Permissions

usermod

Modify an existing local user account.

useraccountgroupshelladmin

Additional Notes

usermod changes properties of an existing user account. It can change login name, home directory, shell, groups, UID, lock state, and expiration settings.

It is powerful because changing account identity or home paths can affect file ownership, login behavior, and services.

Syntax

usermod [options] username

Parameters

  • options: Flags that change how usermod behaves.
  • user: User account affected by the command.
  • group: Group account affected by the command.
  • file: File or directory whose ownership, mode, or access policy is being changed.

Common Options

  • -aG GROUPS: Append user to supplementary groups.
  • -G GROUPS: Set supplementary groups exactly.
  • -s SHELL: Change login shell.
  • -d DIR: Change home directory path.
  • -m: Move home contents to the new home directory with -d.
  • -l NAME: Change login name.
  • -u UID: Change numeric UID.
  • -L: Lock the user's password.
  • -U: Unlock the user's password.
  • -e DATE: Set account expiration date.

Examples

sudo usermod -aG docker rani

Add rani to the docker group without removing existing groups.

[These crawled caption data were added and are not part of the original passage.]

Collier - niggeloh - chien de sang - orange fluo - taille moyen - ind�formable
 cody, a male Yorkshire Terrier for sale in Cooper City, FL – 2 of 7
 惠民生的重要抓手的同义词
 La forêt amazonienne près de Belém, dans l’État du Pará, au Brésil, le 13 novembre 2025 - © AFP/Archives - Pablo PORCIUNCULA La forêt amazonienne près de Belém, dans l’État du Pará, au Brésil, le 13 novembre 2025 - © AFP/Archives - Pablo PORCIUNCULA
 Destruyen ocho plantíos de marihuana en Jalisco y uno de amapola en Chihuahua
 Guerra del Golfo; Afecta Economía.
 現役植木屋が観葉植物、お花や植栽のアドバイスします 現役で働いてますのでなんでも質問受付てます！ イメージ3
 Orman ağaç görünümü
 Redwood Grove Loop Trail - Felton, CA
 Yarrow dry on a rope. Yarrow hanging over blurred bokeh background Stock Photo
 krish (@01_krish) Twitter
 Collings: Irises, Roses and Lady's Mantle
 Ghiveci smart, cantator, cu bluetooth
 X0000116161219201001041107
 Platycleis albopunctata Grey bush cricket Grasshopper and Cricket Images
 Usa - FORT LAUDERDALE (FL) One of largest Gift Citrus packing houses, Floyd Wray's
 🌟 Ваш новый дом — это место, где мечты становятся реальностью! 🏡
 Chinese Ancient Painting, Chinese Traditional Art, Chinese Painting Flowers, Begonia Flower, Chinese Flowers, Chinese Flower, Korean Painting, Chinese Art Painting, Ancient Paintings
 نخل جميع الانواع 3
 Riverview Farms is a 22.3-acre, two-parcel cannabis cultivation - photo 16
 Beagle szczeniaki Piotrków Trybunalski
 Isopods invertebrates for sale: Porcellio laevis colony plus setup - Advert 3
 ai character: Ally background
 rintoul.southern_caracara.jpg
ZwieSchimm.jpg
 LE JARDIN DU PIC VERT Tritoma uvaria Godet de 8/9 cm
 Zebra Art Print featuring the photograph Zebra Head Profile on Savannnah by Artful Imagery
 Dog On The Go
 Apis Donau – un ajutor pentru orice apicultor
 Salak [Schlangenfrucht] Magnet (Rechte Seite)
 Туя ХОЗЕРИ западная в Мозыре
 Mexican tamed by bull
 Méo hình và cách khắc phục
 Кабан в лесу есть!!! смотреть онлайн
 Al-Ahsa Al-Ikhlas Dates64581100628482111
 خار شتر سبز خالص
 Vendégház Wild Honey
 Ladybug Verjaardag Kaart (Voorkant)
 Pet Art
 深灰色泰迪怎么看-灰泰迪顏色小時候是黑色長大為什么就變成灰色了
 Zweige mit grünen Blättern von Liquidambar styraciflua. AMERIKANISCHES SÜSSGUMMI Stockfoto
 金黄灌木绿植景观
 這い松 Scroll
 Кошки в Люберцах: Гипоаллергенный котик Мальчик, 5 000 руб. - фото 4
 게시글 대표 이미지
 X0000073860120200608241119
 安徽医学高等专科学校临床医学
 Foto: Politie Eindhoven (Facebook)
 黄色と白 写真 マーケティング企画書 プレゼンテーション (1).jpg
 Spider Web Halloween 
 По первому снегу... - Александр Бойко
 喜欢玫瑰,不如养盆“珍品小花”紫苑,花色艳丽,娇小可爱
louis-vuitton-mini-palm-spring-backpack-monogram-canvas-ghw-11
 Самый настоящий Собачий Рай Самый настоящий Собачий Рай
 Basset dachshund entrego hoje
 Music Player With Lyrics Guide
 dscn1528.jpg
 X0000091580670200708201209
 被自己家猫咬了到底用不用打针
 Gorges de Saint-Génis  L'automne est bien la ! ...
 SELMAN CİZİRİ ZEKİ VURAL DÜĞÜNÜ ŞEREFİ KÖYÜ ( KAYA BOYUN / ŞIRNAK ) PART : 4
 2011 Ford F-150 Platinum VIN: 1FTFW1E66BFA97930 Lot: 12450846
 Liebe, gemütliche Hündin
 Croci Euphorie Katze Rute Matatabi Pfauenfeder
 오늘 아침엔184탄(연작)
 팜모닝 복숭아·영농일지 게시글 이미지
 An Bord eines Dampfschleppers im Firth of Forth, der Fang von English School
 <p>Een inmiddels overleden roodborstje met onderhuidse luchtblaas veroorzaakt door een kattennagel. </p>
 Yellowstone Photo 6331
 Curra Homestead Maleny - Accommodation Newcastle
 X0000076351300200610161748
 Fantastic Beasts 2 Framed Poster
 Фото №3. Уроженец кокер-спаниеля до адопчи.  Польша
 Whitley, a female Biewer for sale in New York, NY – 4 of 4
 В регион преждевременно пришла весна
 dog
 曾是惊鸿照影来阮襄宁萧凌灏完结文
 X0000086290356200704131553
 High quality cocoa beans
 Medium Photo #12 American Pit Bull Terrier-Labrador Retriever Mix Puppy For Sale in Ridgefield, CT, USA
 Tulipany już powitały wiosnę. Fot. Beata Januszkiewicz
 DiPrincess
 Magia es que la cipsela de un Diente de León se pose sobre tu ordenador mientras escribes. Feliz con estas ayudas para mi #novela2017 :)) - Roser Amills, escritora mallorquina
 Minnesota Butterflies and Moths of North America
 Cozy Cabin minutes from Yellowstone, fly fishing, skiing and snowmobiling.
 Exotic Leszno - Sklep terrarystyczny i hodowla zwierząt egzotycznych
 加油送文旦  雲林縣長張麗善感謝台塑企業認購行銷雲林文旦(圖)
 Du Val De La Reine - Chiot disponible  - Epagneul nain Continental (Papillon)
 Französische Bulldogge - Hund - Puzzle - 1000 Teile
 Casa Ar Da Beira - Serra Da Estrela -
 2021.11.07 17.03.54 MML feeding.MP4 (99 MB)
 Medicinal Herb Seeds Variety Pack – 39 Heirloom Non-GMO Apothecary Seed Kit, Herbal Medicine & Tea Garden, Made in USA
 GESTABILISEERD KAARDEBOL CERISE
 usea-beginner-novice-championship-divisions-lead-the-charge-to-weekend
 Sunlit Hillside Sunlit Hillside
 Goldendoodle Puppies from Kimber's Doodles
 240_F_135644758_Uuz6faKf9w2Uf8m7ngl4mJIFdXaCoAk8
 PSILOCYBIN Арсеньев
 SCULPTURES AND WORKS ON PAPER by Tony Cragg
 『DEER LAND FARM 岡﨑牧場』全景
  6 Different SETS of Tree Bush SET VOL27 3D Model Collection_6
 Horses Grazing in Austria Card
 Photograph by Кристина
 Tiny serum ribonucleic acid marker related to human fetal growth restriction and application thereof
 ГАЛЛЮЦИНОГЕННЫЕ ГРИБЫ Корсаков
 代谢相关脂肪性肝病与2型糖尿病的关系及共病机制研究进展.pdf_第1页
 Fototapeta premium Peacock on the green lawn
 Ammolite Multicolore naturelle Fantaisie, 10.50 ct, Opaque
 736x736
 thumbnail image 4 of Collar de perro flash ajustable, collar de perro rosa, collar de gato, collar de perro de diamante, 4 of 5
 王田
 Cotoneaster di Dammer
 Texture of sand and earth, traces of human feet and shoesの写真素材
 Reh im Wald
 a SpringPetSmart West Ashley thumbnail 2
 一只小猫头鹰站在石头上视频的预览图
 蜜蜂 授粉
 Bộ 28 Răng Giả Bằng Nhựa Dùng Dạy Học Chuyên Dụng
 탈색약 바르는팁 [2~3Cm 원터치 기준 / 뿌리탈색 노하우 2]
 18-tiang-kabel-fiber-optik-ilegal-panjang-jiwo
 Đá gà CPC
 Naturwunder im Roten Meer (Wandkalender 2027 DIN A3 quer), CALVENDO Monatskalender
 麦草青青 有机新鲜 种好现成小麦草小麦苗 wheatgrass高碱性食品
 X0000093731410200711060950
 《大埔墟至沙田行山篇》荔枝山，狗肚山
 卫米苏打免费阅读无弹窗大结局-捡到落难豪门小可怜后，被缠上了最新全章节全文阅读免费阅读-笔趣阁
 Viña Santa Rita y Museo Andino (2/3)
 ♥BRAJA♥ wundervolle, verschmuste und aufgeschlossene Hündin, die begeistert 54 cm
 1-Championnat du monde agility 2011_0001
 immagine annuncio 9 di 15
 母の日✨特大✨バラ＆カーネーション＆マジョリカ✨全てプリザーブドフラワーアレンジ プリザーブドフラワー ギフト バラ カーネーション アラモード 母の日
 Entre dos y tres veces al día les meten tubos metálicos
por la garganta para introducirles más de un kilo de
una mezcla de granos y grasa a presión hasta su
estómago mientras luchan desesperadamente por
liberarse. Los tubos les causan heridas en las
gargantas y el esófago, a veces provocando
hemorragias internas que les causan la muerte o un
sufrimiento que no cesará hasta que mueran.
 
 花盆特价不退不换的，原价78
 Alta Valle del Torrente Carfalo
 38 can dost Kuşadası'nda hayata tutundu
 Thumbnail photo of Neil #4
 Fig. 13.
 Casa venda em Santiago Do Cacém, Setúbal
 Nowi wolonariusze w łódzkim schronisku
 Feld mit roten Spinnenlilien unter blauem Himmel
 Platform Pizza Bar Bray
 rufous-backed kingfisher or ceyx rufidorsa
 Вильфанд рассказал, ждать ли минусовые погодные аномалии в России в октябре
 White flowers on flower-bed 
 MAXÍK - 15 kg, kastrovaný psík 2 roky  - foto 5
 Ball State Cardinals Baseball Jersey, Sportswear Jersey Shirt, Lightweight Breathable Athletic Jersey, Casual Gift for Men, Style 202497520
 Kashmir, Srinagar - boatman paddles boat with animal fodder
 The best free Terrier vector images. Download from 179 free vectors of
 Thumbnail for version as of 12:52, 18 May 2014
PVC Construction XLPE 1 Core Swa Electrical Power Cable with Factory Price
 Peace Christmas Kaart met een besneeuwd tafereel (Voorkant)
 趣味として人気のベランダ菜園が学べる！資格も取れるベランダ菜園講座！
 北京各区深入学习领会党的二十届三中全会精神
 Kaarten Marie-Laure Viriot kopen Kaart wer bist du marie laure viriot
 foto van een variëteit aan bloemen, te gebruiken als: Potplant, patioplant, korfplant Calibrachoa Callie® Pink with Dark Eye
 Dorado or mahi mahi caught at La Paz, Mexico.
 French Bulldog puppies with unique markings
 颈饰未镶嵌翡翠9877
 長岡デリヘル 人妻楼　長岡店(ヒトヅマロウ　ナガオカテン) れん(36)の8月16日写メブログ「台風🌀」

sudo usermod -s /bin/bash deploy

Change login shell.

sudo usermod -d /srv/deploy -m deploy

Move a user's home directory.

sudo usermod -L guest

Lock a user's password.

groups rani

Check group membership.

Practical Notes

  • Use -aG when adding groups. Forgetting -a with -G can remove existing supplementary groups.
  • Users usually need a new login session for group changes to apply.
  • Be careful changing UID on accounts that already own files.
  • Locking a password may not disable every login method, such as SSH keys.